"Gdy zobaczyłam żółty pasek, wiedziałam, że mąż nie żyje"

"Gdy zobaczyłam żółty pasek, wiedziałam, że mąż nie żyje"

Dodano:   /  Zmieniono: 
Wrak Tu-154 po katastrofie (fot. Stauffenberg/Wikipedia) 
- Kiedy nie było telefonu od męża, a potem zobaczyłam żółty pasek na ekranie telewizora, od razu wiedziałam, że mąż nie żyje. Zawsze do mnie dzwonił - mówiła w rozmowie RMF FM Barbara Dolniak, wdowa po pośle PO Grzegorzu Dolniaku, który zginął w katastrofie smoleńskiej.
- Ogromną satysfakcję sprawia mi to, że tak wiele osób, mimo że na co dzień nie mówi się przecież bez końca o tej katastrofie czy o osobach, które zginęły, że ta pamięć jest jeszcze taka silna. Mam nadzieję, że to wspomnienie sympatii żyjących, do mojego męża, przetrwa znacznie dłuższy okres czasu niż 3 lata - zaznaczyła Barbara Dolniak.
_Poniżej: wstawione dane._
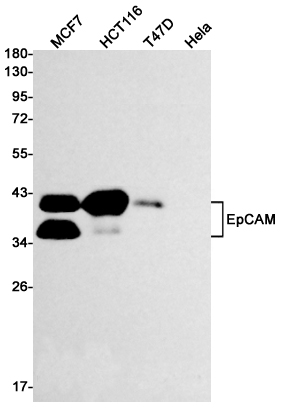 Recombinant EpCAM Monoclonal Antibody (E-AB-81555)
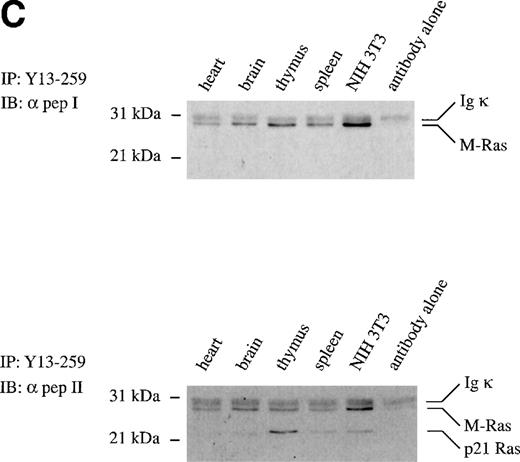 Fig. 2. Tissue distribution of M-Ras. (A) Northern blots with poly (A)+ RNAs from the indicated human tissues were probed with the C-terminal portion of human M-Ras cDNA. (B) Lysates of 293-cells transiently expressing HA-tagged M-Ras or N-Ras were resolved on SDS-PAGE and immunoblotted with anti-HA antibody 12CA5. The same blot was stripped and immunoblotted with Y13-259, the M-Ras specific pep I antibodies, and the cross-reactive pep II antibodies. (C) Lysates of the indicated tissues and of NIH 3T3 fibroblasts were subjected to immunoprecipitation with 15 μg Y13-259. The immunoprecipitates were resolved on SDS-PAGE and immunoblotted with M-Ras–specific antibodies ( pep I, top panel) or antibodies that cross-reacted between M-Ras and p21 Ras ( pep II, bottom panel).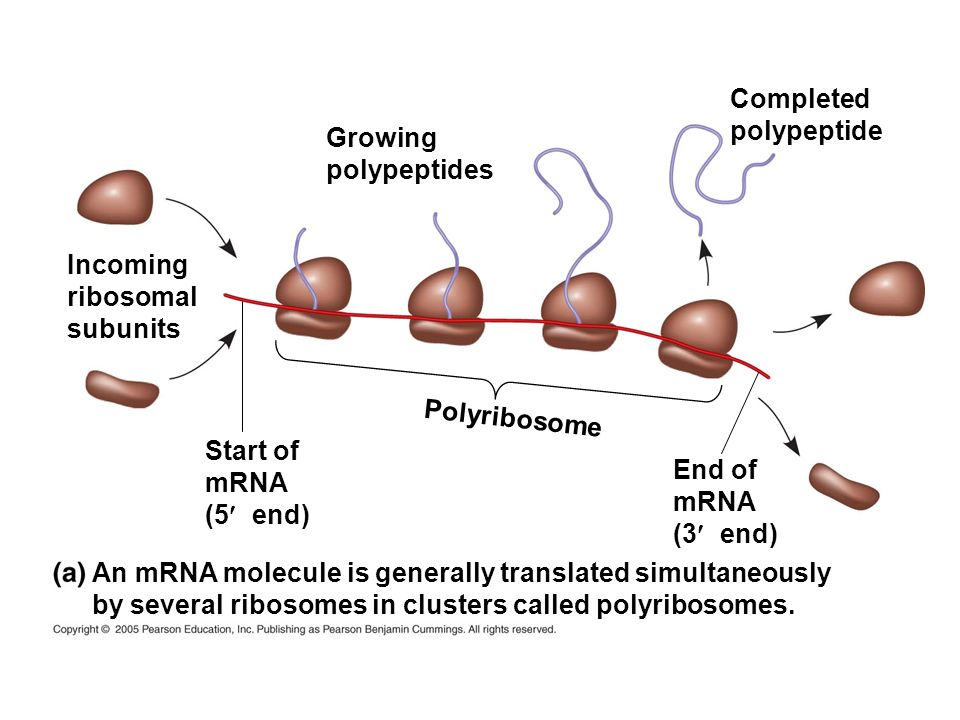 Completed polypeptide. Growing. polypeptides. Incoming. ribosomal. subunits. Polyribosome. Start of.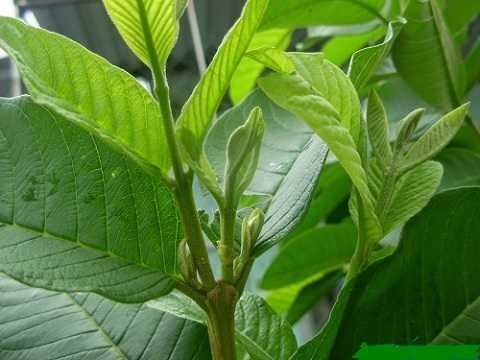 Trà lá ổi hỗ trợ tiêu hóa bằng cách kích thích sản xuất enzyme tiêu hóa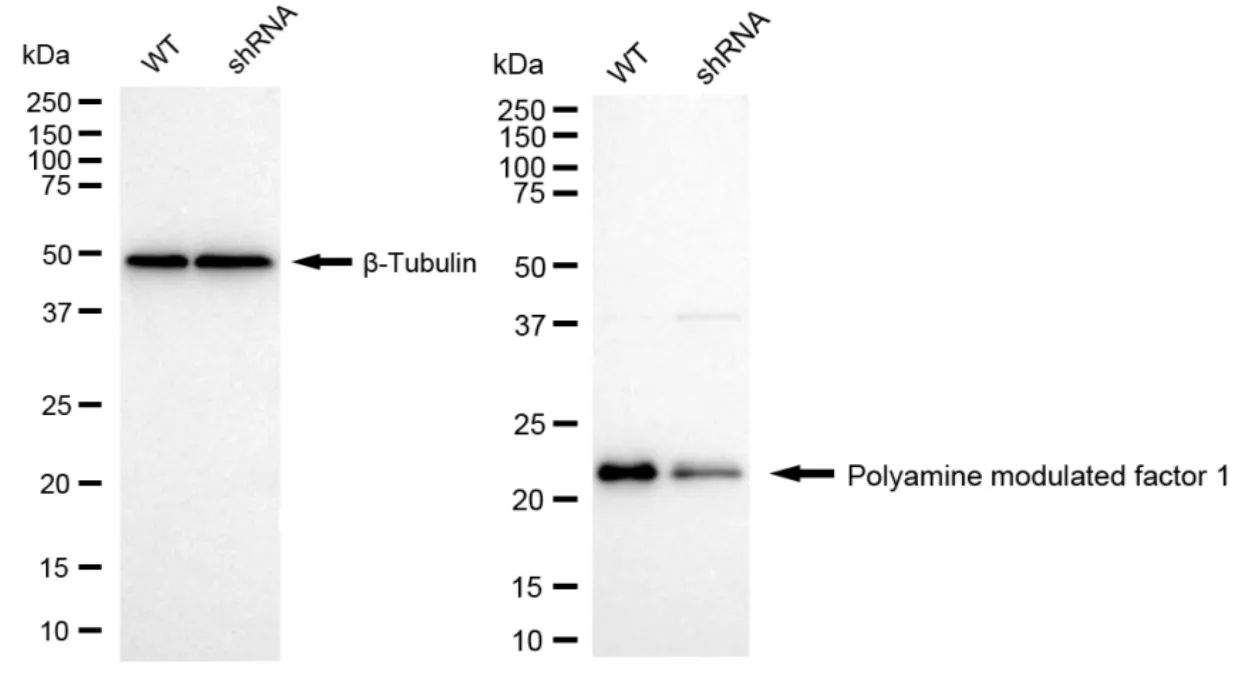 KD-Validated Polyamine Modulated Factor 1 Recombinant Rabbit Monoclonal Antibody
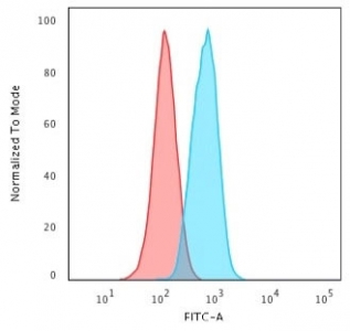Beta Catenin Antibody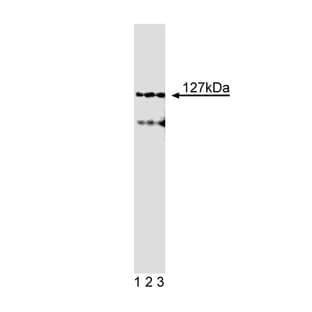 anti-Adaptor-Related Protein Complex 4, epsilon 1 Subunit (AP4E1) (AA 685-793) antibody avatar
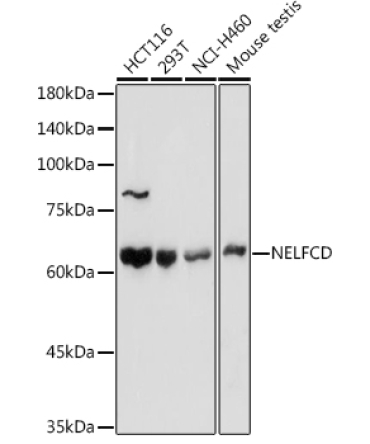 NELFCD Rabbit Polyclonal Antibody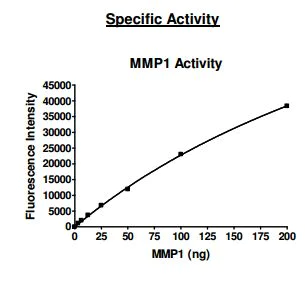 Functional Studies - Recombinant human MMP1 protein (Active) (AB198437)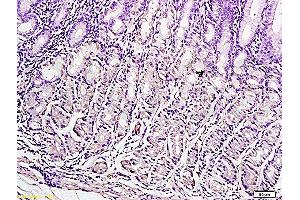 Formalin-fixed and paraffin embedded human gastric tissue labeled with Anti-Leptin Polyclonal Antibody , Unconjugated at 1:300, followed by conjugation to the secondary antibody and DAB staining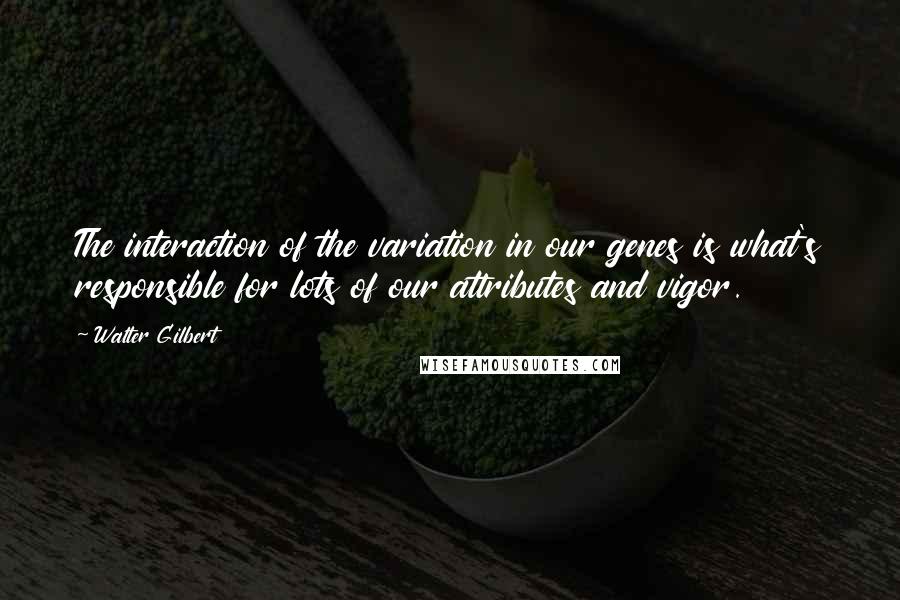 Walter Gilbert Quotes: The interaction of the variation in our genes is what's responsible for lots of our attributes and vigor.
Jak podkreśliła rocznice katastrofy spędza "zwyczajnie". - Najpierw będę w pracy, a potem będę na cmentarzu. A może odwrócę kolejność, rano pojadę na cmentarz, przyjdę do pracy, a potem znowu na cmentarz. Słowo zwyczajnie ma w sobie tyle spokoju, a jednocześnie ciepła. Rocznice katastrofy spędzam spokojnie, po prostu spokojnie - przyznała Dolniak.